Third-year UGA students Sloka Sudhin, Anderson Smith and Oscar de la Torre were selected as 2025 Goldwater Scholars. (Photo by Stephanie Schupska)
Third-year UGA students Sloka Sudhin, Anderson Smith and Oscar de la Torre were selected as 2025 Goldwater Scholars. (Photo by Stephanie Schupska)

The honor is the highest undergraduate award of its type for the fields of mathematics, engineering and natural sciences

From crop molecular genetics to estuarine mussels to computer experiments, three University of Georgia undergraduates have been honored for furthering research in their fields of study.

Juniors Oscar de la Torre, Anderson Smith and Sloka Sudhin are among the 441 undergraduates from across the nation to be recognized as Barry Goldwater Scholars this spring. They have earned the highest undergraduate award of its type for the fields of mathematics, engineering and natural sciences.

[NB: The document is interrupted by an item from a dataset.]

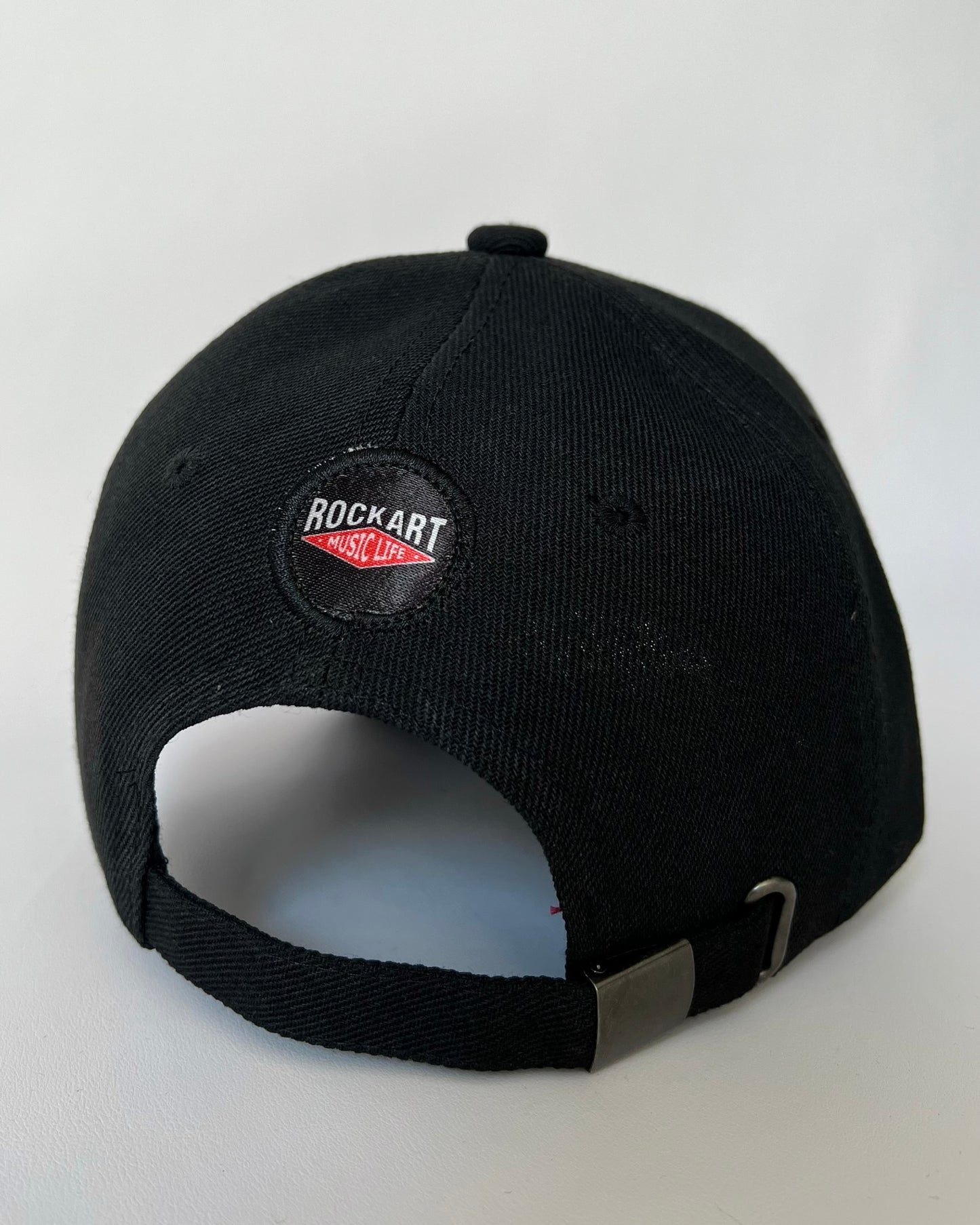 Gorra Clásica Foo Fighters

De la Torre is from Chicago, Illinois, and is pursuing bachelor’s and master’s degrees in applied biotechnology and plant breeding, genetics and genomics in the College of Agricultural and Environmental Sciences. Smith is a Foundation Fellow from Virginia Beach, Virginia, and is pursuing bachelor’s and master’s degrees in ecology in the Odum School of Ecology. Sudhin is a Foundation Fellow and Stamps Scholar from Marietta, Georgia, and is majoring in data science and applied mathematics in the Franklin College of Arts and Sciences. All three recipients have received funding from the Center for Undergraduate Research Opportunities, and Smith and Sudhin are in the Morehead Honors College.

Since 1995, 70 students at the University of Georgia have received the Goldwater Scholarship, which recognizes exceptional sophomores and juniors across the United States.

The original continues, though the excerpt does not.